Wien wäre eben „eine zum Mittelmeer gewendete, ursprünglich römische Stadt“, erklärte der große Romancier Heimito von Doderer 1960. Deshalb fände man in den Wiener Cafés auch „jene meditative Stille und das zweckfreie Vergehen lassen der Zeit, das jeder kennt, der ein orientalisches, ein türkisches Café besucht hat.“

Tradition und Trubel

In den beliebtesten Kaffeehäusern der Stadt merkt man davon allerdings weniger. Zum Beispiel im Café Central in der Herrengasse und im Griensteidl am Michaelerplatz. Das ehemalige Literatencafé Griensteidl, seit 1990 in einem neuen Haus am alten Platz wiedereröffnet, liegt exakt an der touristischen Pilgermeile Hofburg-Kohlmarkt-Graben-Stephansplatz. Es ist für Wien-Besucher der am meisten geeignete Ort, um müde Füße auszustrecken und sich mit heißem Kaffee wieder auf Touren zu bringen.

Das Café Central – seine große Säulenhalle wurde 1986 aufwendig wiederhergestellt – findet man nur 100 Meter weiter Richtung Uni bzw.

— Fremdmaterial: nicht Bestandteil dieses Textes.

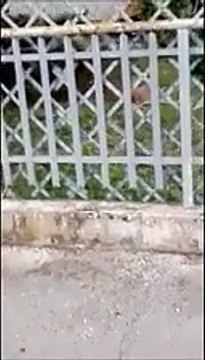 Bamby ha trovato casa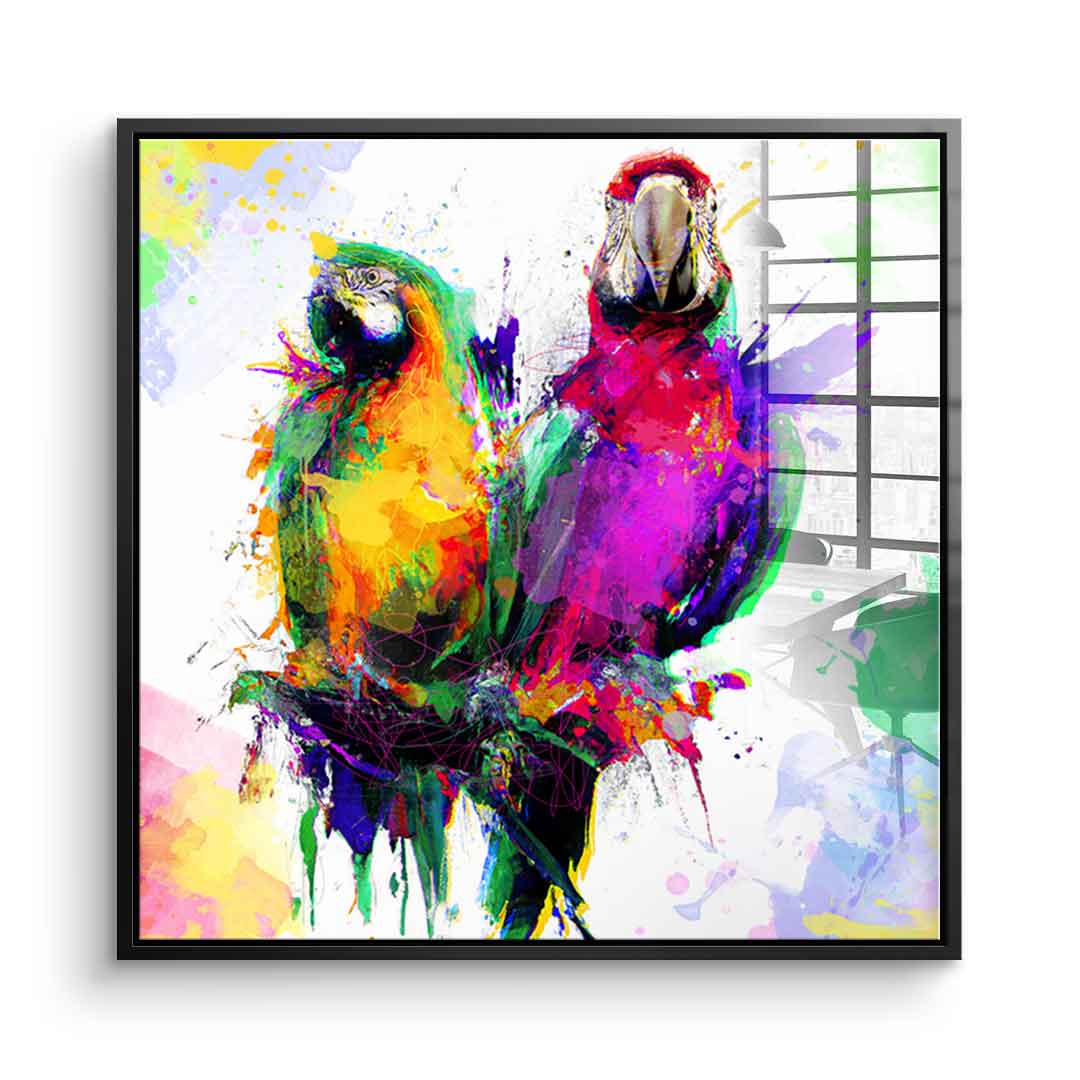 Colorful Parrot - Acrylglas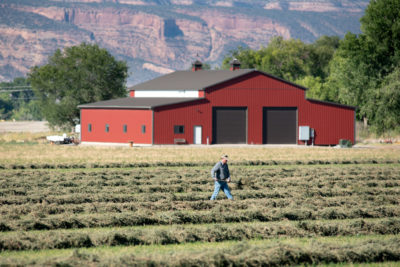科罗拉多州大交界处的农民们，他的苜蓿田地饰有他的苜蓿领域，这是从科罗拉多河转移的水灌溉。为了减少水资料，有些农民将落下田野以换取货币赔偿。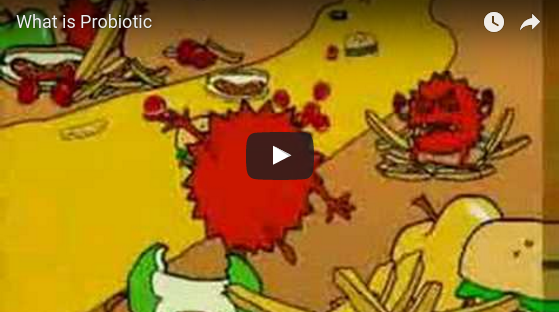 Noster ProBiotics - What is a Probiotic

Votivkirche. Beide Lokale blicken auf eine lange Tradition zurück. Speziell die Atmosphäre des „alten“ Griensteidl ist legendär: Sieben intensive Jahre, von 1890 bis 1897, war das Café im ehemaligen Palais Dietrichstein Wiens bedeutendste kulturelle „Institution“. Kaum ein namhafter Schriftsteller, Schauspieler, Kritiker, Architekt oder Musiker des Fin de Siècle, der nicht hierher kam. Die bedeutendsten Vordenker der Wiener Moderne gruppierten sich hier fast vollständig um die kleinen Marmortischchen: Hermann Bahr, Arthur Schnitzler, Hugo von Hofmannsthal, Karl Kraus, Hugo Wolf, Fritz Kreisler, Arnold Schönberg und viele andere. Ein „verdichtetes System von Energiekreisen“, schrieb Edward Timms, von dem „erstaunliche schöpferische Energie“ ausging.

1897 fiel das Griensteidl – wie auch die Basteien und zahlreiche Gebäude am Graben und am Neuen Markt – der Spitzhacke zum Opfer. Halb nostalgisch, halb ironisch klagte Karl Kraus in „Die demolierte Literatur“: „Unsere Literatur sieht einer Periode der Obdachlosigkeit entgegen, der Faden der dichterischen Produktion wird grausam abgeschnitten.“ Zum Glück existierten andere Cafés weiter. Die Stammgäste des Griensteidl übersiedelten ins Café Central.

Gutes Benehmen am Stammtisch

Auch heute noch sitzt der Dichter Peter Altenberg als Pappmaschee-Figur im Café Central in der Herrengasse. Dort hatte der schrullige Lebenskünstler im ersten Drittel unseres Jahrhunderts seine Postadresse und seinen Stammtisch, an dem sich u. a. der bedeutende Architekt der Moderne, Adolf Loos, seine Frau Lina, der Schauspieler und Essayist Egon Friedell sowie der Schriftsteller Alfred Polgar einfanden.

Altenberg, dessen kurze Prosatexte und Skizzen Egon Friedell einmal „tausend fächerige Magazine voll kleiner und kleinster Beobachtungen“ nannte, stellte für seinen Stammtisch sogar – nicht ganz ernst gemeinte – Verhaltensregeln auf. So zum Beispiel auch diese: „Das Nägelschneiden bei Tische ist verboten, selbst mit einer eigenen mitgebrachten Schere alten Systems; besonders aber mit der neuartigen Zwickmaschine, da die scharf abgezwickten Nägel dann leicht in die Biergläser springen können, und das Herausfischen mit Schwierigkeiten verbunden ist.“

An ebendiesem Tisch hat die 20jährige Caroline Obertimpfler (Künstlername Lina Loos) – so will es die Legende – dem 12 Jahre älteren Adolf Loos ihr spontanes Ja-Wort gegeben. Lina selbst hielt später in ihrem berühmten „Buch ohne Titel“ der Generation der Jahrhundertwende in unterhaltsamen Feuilletons, Skizzen und Erinnerungen einen Spiegel vor.

Heute ist die Stimmung im Café Central eine geschäftliche, gutbürgerlich, gepflegt: Unter der Woche dominieren die Geschäftsleute der umliegenden Banken das Bild. Am Wochenende umringen Wien-Besucher, Hofratswitwen und pensionierte Kommerzialräte den Pappdichter und lauschen andächtig dem Klavierspiel.